▶ **Data**
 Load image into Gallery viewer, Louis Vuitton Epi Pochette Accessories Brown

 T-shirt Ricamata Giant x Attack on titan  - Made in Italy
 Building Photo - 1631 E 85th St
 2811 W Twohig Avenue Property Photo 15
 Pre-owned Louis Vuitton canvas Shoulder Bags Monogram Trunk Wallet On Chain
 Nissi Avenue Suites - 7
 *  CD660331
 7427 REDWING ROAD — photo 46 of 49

==

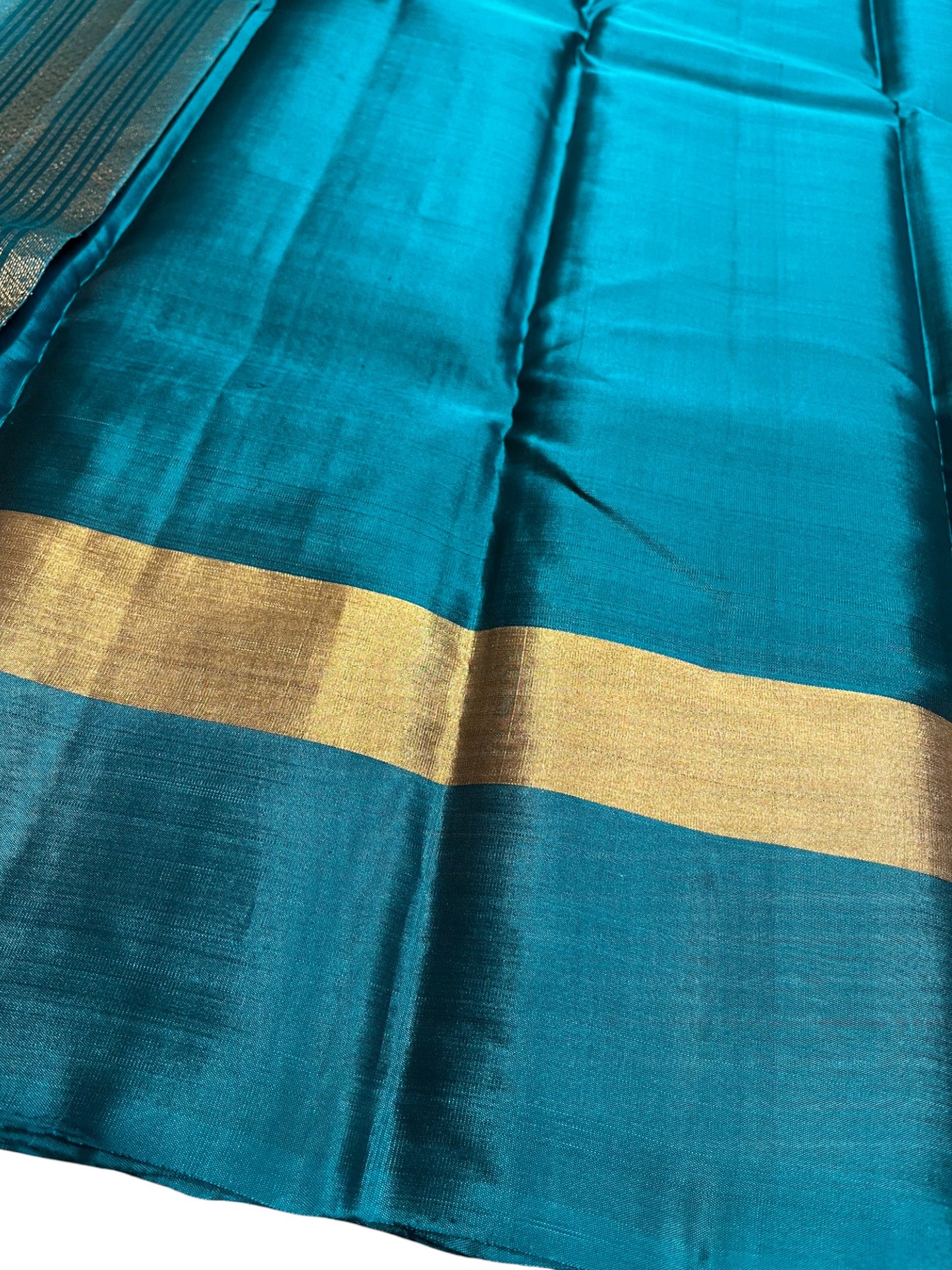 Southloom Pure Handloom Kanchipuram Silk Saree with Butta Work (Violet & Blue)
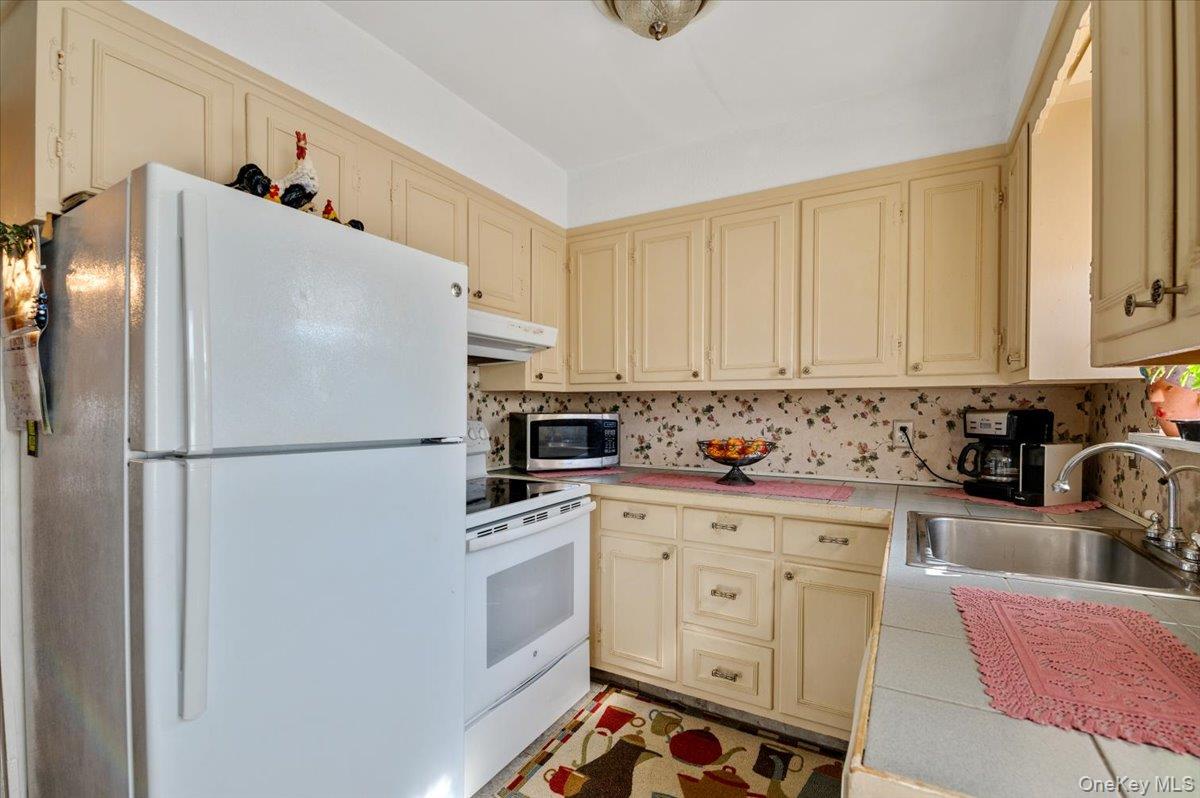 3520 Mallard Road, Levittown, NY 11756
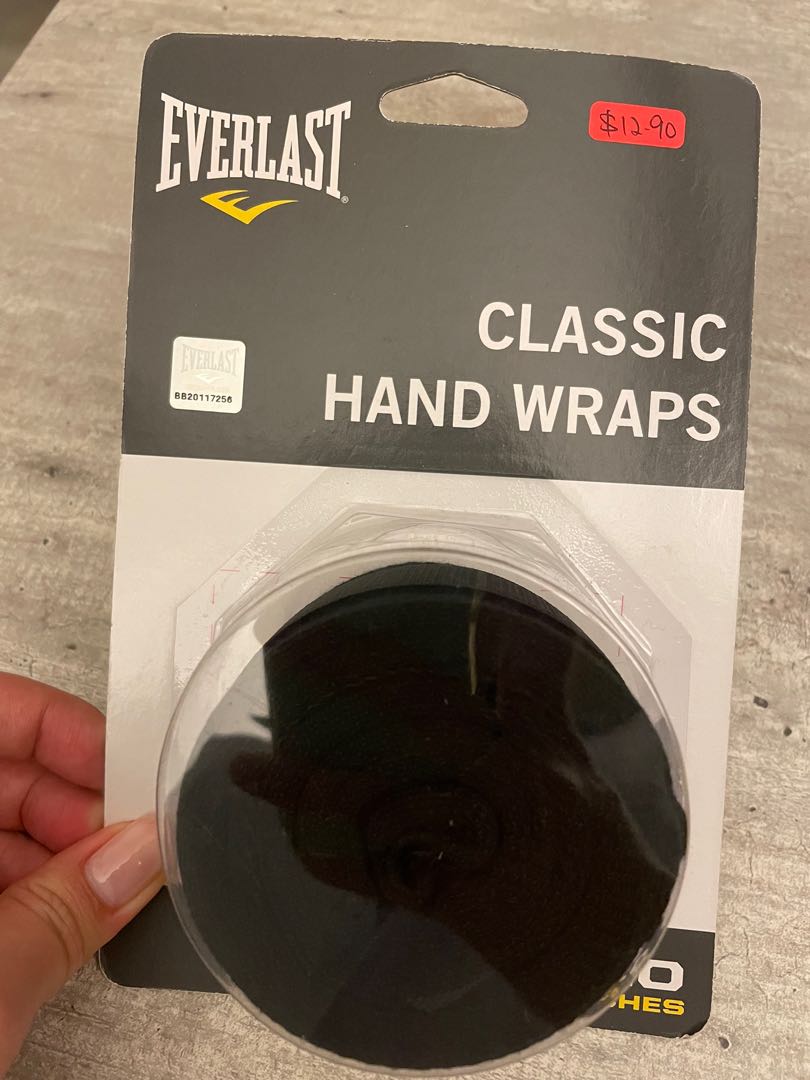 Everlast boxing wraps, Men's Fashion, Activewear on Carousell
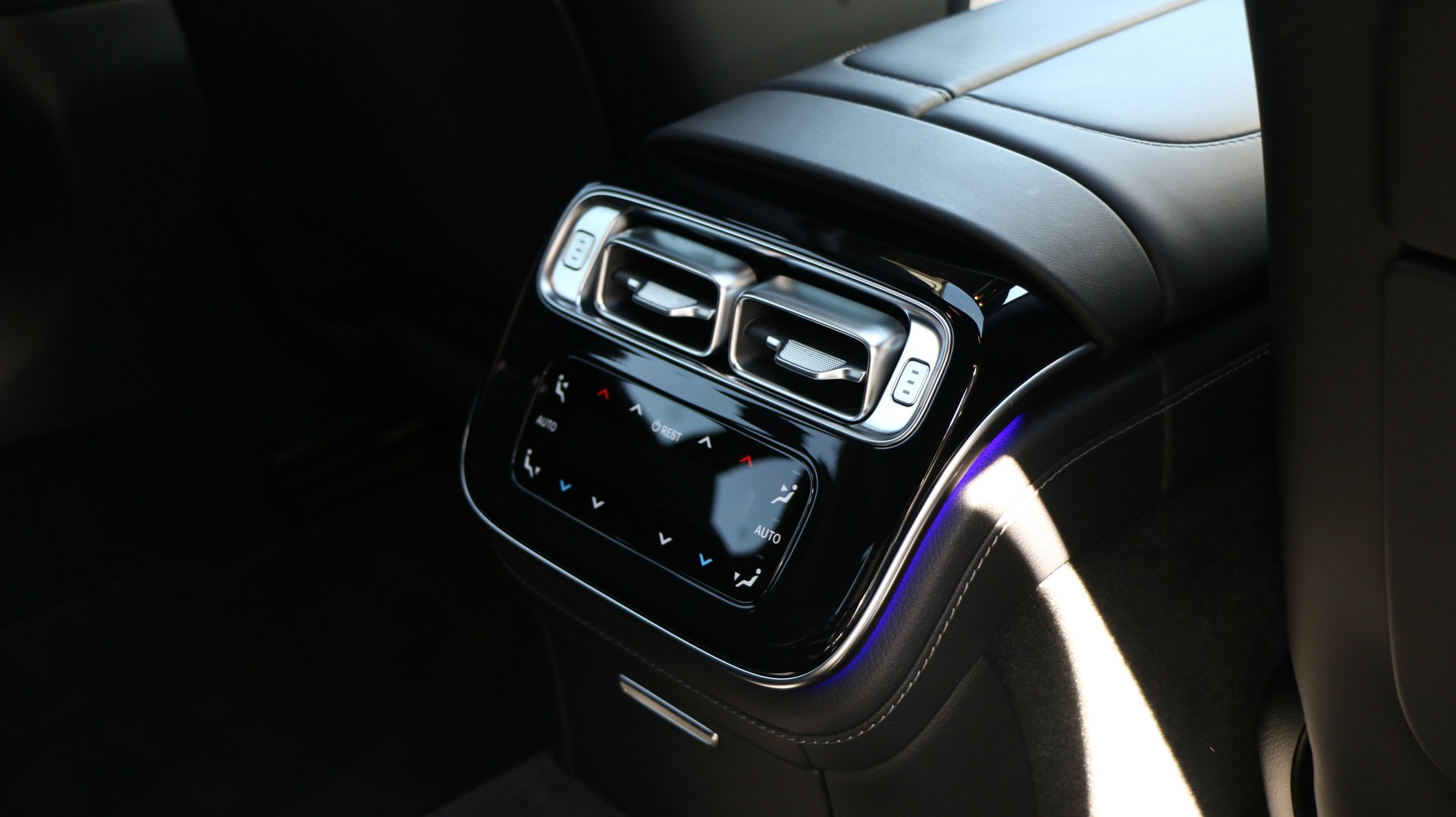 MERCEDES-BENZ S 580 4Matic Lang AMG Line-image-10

* * *

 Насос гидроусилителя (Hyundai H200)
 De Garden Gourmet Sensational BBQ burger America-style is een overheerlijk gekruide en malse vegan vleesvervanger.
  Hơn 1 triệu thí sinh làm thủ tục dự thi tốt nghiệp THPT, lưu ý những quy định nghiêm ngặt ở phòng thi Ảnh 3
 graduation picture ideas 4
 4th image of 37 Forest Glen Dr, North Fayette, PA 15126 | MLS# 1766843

▶ **What this task involves**
Give back precisely the lines above that start at the line containing "Load image into" and end at the line containing "Nissi Avenue Suites - 7", inclusive. No other lines belong in the output.

▶ **Response box**
 Load image into Gallery viewer, Louis Vuitton Epi Pochette Accessories Brown

 T-shirt Ricamata Giant x Attack on titan  - Made in Italy
 Building Photo - 1631 E 85th St
 2811 W Twohig Avenue Property Photo 15
 Pre-owned Louis Vuitton canvas Shoulder Bags Monogram Trunk Wallet On Chain
 Nissi Avenue Suites - 7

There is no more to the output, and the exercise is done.